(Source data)
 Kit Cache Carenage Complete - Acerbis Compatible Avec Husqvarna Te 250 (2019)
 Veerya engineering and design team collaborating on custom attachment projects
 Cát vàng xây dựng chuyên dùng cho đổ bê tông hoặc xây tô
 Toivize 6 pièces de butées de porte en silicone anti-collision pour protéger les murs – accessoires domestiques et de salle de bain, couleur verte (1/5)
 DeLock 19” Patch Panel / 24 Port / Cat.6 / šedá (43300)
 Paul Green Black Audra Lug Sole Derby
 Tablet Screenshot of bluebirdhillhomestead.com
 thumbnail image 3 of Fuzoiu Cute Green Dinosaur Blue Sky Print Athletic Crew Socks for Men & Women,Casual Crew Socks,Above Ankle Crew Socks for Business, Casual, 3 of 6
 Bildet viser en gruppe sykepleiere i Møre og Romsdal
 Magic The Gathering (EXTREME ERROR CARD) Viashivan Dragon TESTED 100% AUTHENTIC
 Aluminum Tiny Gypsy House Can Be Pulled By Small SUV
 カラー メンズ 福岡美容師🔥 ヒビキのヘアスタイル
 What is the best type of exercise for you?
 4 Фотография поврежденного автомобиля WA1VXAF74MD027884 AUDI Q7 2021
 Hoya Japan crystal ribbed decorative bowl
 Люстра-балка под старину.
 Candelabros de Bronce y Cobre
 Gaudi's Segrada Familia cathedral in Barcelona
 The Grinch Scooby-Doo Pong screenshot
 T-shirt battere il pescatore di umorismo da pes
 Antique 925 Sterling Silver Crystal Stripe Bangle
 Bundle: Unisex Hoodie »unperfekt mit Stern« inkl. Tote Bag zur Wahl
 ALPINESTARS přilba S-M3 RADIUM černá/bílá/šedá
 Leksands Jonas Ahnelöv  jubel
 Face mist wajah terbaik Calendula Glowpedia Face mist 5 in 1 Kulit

* TASK REQUIREMENTS: Copy out, from the data above, every line holding the word "šedá".

* COMPLETED TASK:
 DeLock 19” Patch Panel / 24 Port / Cat.6 / šedá (43300)
 ALPINESTARS přilba S-M3 RADIUM černá/bílá/šedá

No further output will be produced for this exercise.